### Extracted records ###

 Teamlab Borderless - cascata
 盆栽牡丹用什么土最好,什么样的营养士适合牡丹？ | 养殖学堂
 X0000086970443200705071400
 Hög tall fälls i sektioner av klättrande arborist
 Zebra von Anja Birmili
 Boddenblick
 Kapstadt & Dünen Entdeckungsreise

###
### Extracted records ###

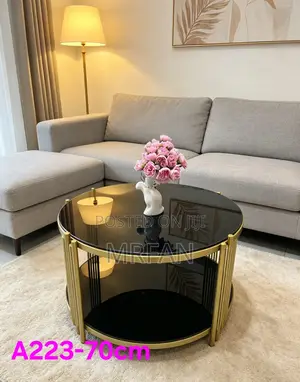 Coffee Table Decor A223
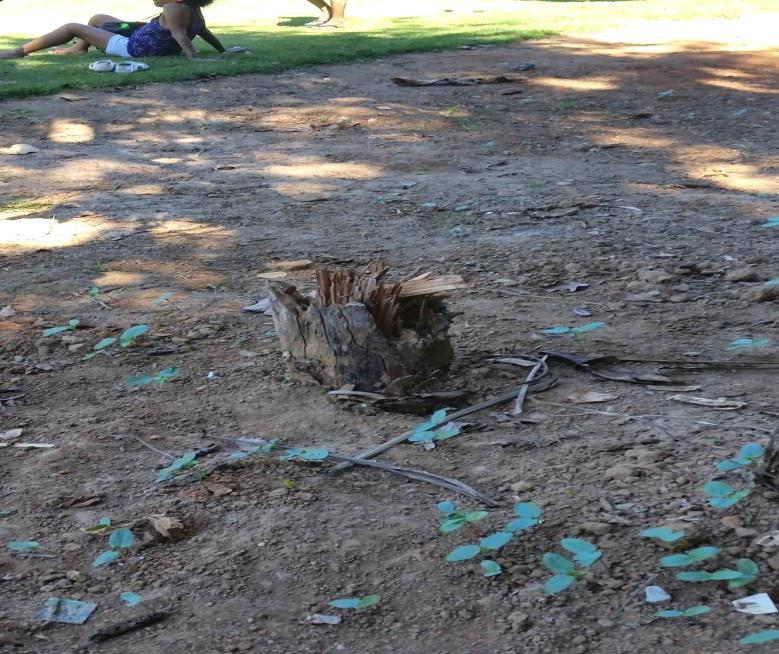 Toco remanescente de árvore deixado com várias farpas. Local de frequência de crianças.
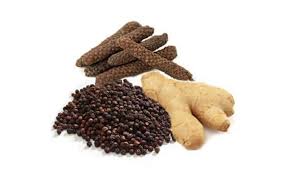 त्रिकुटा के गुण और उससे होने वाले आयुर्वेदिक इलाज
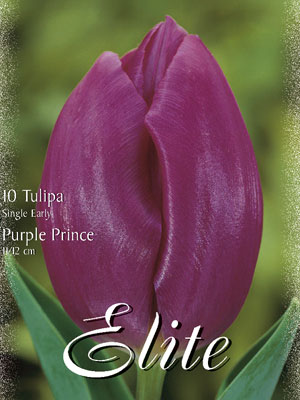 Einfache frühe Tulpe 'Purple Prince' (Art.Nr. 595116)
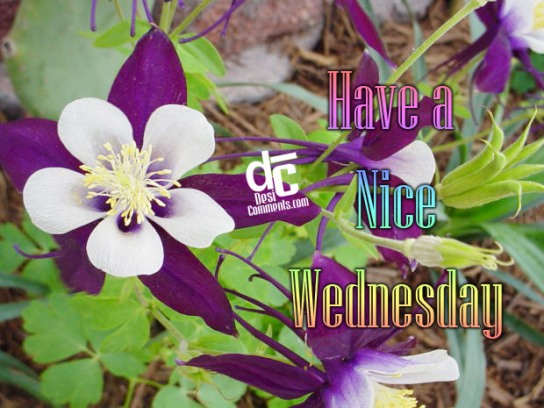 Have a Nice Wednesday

###

Brief:
Beginning with the line above that contains "Teamlab Borderless - cascata", copy each line exactly up to and including the line that contains "Kapstadt & Dünen Entdeckungsreise", and go no further.

Output below:
 Teamlab Borderless - cascata
 盆栽牡丹用什么土最好,什么样的营养士适合牡丹？ | 养殖学堂
 X0000086970443200705071400
 Hög tall fälls i sektioner av klättrande arborist
 Zebra von Anja Birmili
 Boddenblick
 Kapstadt & Dünen Entdeckungsreise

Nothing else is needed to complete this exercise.